* **Records to process**
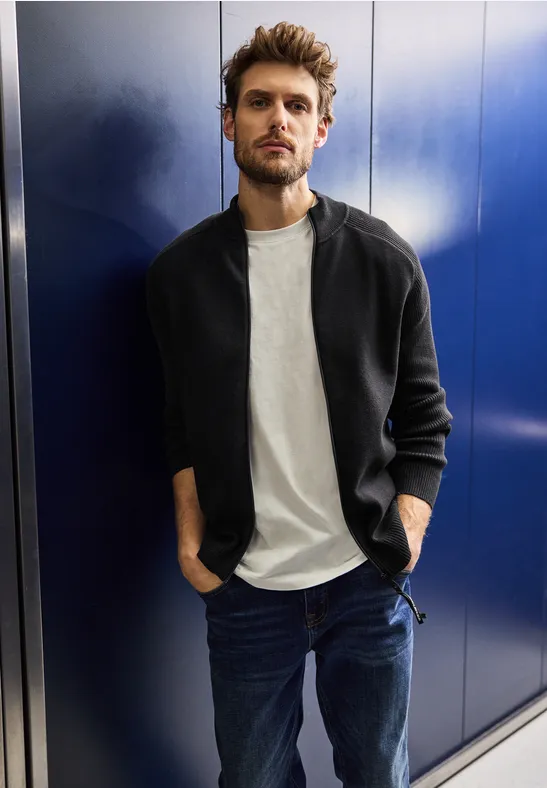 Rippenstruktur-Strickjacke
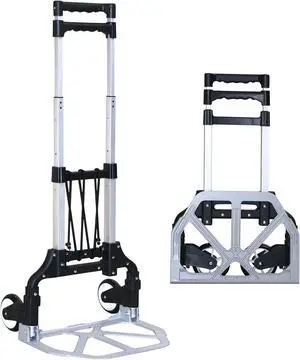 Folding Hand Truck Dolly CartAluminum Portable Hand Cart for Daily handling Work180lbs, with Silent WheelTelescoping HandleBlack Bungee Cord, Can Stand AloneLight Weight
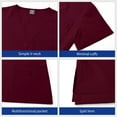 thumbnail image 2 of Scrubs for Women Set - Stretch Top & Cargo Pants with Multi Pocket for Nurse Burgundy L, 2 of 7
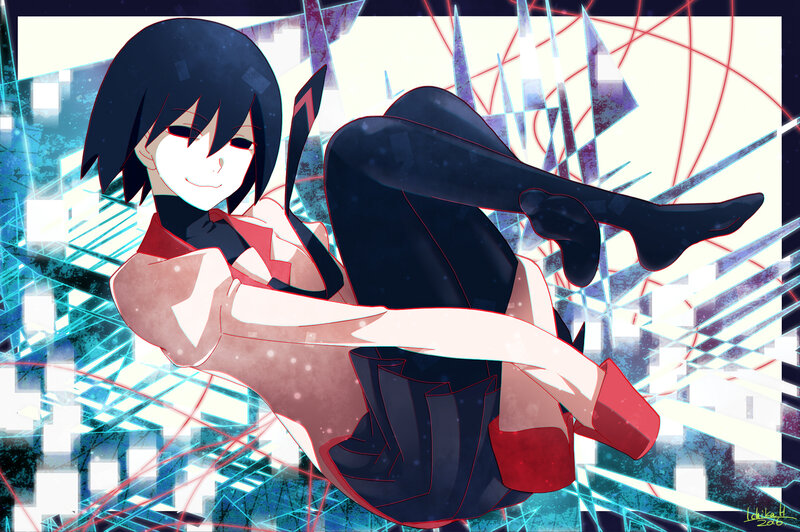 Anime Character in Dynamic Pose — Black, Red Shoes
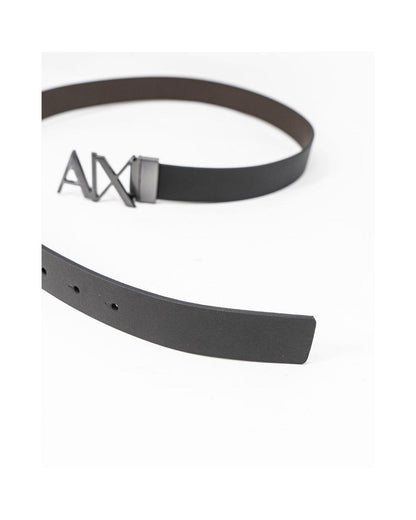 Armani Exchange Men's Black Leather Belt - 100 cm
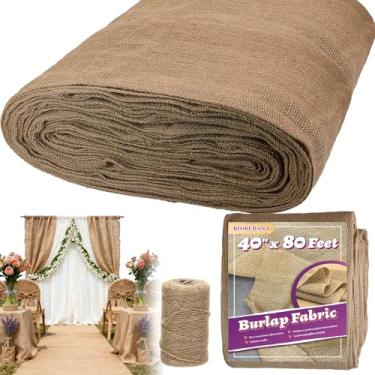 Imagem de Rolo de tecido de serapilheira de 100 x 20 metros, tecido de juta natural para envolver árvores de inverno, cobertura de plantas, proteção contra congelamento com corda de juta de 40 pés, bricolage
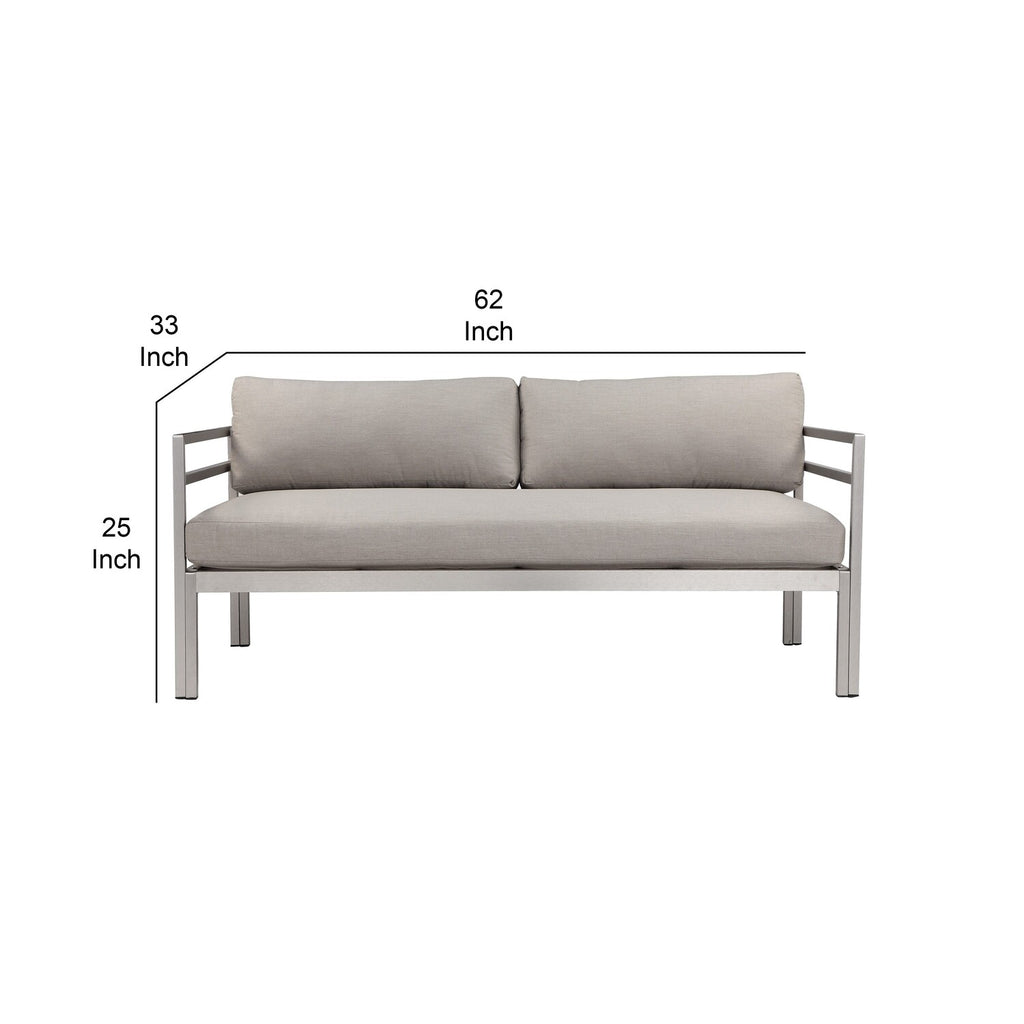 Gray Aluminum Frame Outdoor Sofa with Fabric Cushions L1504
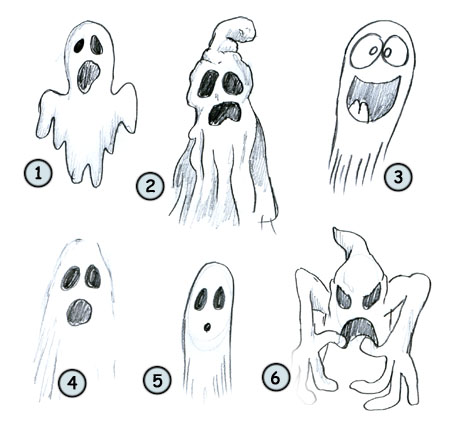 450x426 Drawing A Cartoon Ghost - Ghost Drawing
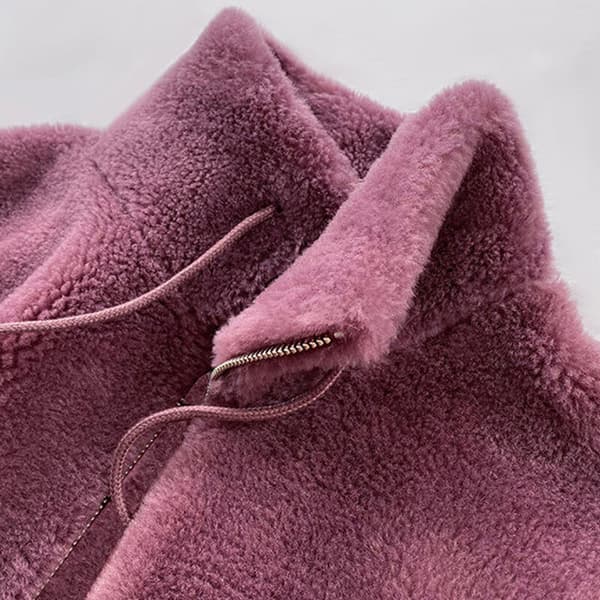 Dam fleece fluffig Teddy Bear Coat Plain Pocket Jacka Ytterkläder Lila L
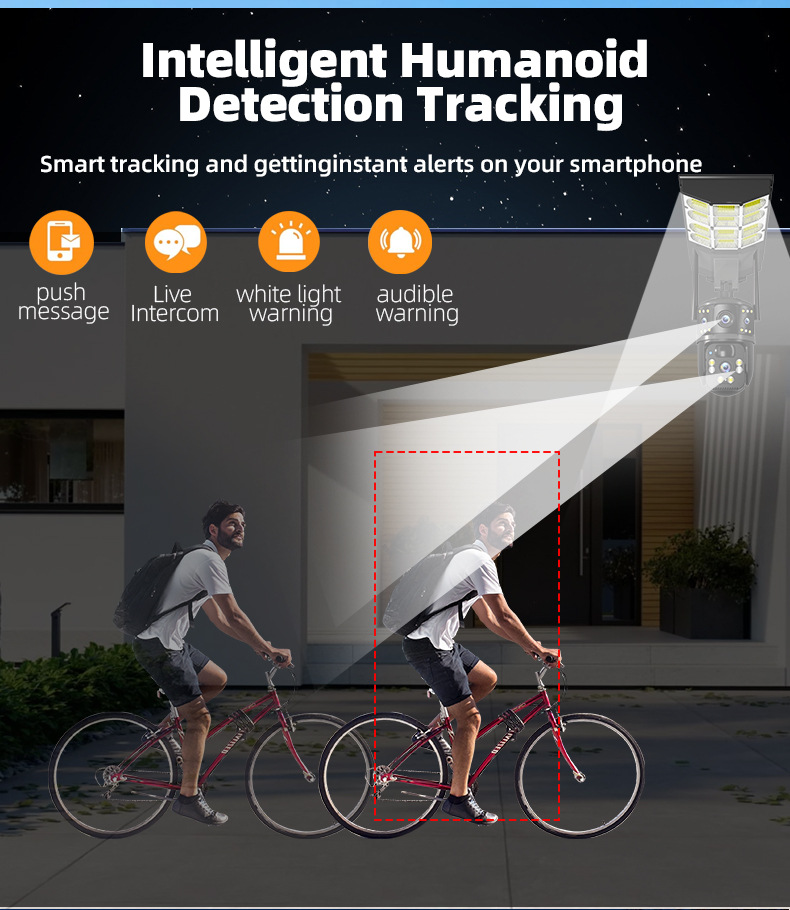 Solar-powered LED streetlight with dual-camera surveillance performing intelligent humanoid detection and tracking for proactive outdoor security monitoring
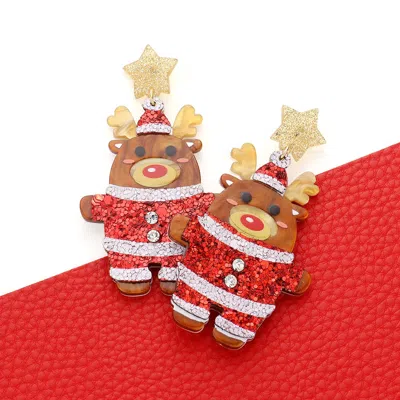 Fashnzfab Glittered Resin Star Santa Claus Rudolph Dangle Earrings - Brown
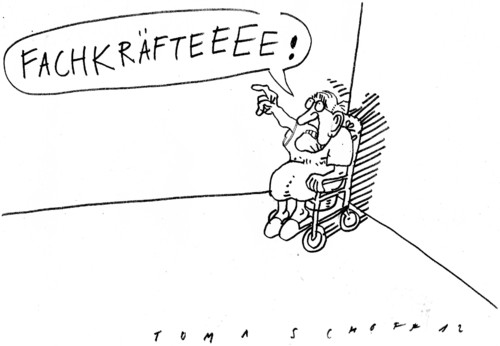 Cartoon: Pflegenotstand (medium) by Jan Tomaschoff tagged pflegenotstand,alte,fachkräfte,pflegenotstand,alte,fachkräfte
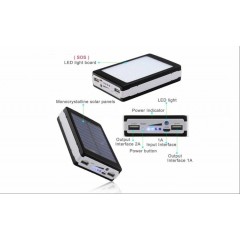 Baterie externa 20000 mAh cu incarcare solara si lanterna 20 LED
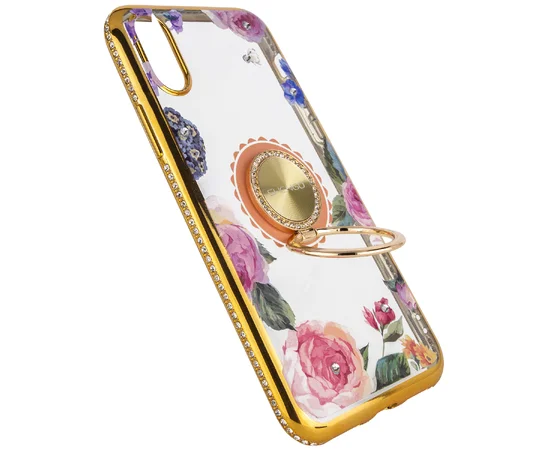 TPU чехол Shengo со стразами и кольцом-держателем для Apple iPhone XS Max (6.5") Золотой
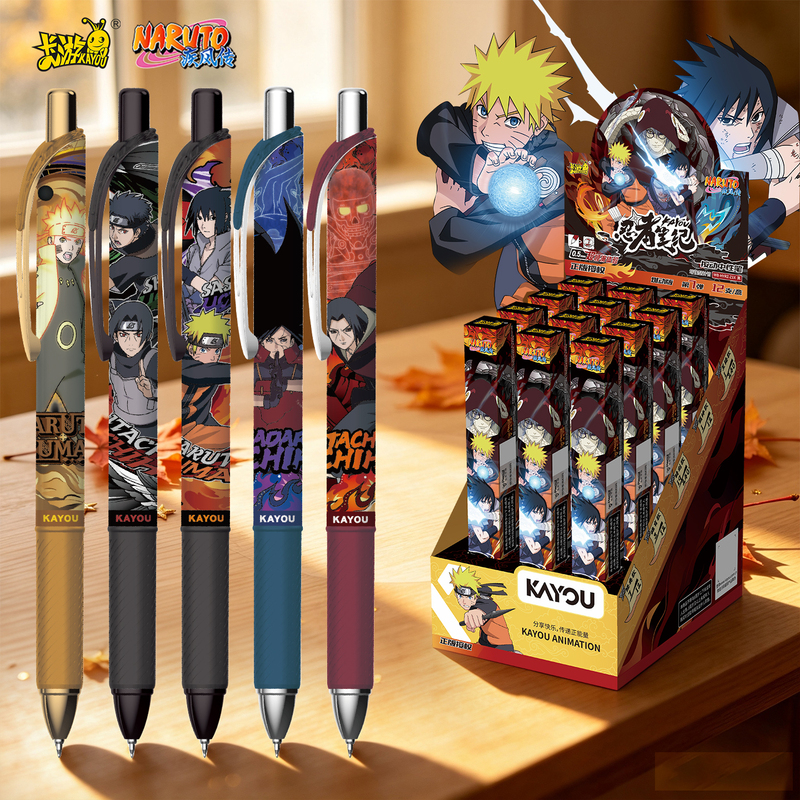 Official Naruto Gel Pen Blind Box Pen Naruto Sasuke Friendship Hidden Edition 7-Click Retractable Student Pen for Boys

* **How to complete this task**
In your copy, include no pictures and only the lines from the line with "Cartoon: Pflegenotstand (medium)" through the final line of the listing above, reproduced exactly.

* **Solution to the exercise**
 Cartoon: Pflegenotstand (medium) by Jan Tomaschoff tagged pflegenotstand,alte,fachkräfte,pflegenotstand,alte,fachkräfte
 Baterie externa 20000 mAh cu incarcare solara si lanterna 20 LED
 TPU чехол Shengo со стразами и кольцом-держателем для Apple iPhone XS Max (6.5") Золотой
 Official Naruto Gel Pen Blind Box Pen Naruto Sasuke Friendship Hidden Edition 7-Click Retractable Student Pen for Boys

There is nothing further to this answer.